Going cap in hand to the charities

How to change the tax relief cap to help charities and the government get value for money.

By Ian Mulheirn

The Chancellor’s budget decision to cap income tax relief has caused a hullabaloo. Wealthy donors and their beneficiaries are in open revolt, saying that charities will be hit hard by the measure. And a lobbying alliance of the wealthy and the charity sector is not something that politicians are likely to defy.

That there will be some cap seems certain. But in the face of this firestorm the government has been curiously reticent in defending its plan. Pointing to the need to curb the minor problem of fraudulent charity giving understandably angered many. There are good arguments for capping donations tax relief, which tend to get less of a hearing. A look at the evidence also points to some ways in which the Chancellor could appease the charity sector while keeping most of his savings.
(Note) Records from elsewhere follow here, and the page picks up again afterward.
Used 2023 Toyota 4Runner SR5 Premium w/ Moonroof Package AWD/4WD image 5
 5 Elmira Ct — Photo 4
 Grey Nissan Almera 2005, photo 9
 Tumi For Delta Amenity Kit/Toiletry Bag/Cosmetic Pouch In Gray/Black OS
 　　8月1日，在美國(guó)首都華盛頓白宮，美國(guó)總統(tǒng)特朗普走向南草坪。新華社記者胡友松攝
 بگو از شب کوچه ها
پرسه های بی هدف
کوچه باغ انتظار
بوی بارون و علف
So what possible justification could there be for cutting tax breaks on giving?

First it’s worth asking the question of how much charities actually benefit from tax relief on donations. This depends how donors respond. If they aim to give a fixed amount of their post-tax income, regardless of government policy, then the charity can expect to get the full value of any tax break that applies.

But what if donors want the charity to get a fixed amount – say a round million pounds? In this case, the availability of a tax top-up might cause them to cut their net donation from what it would otherwise have been. Here the donor benefits but the charity does not. Cutting relief in the first case would hit the charity, but in the second, the total received would be unchanged.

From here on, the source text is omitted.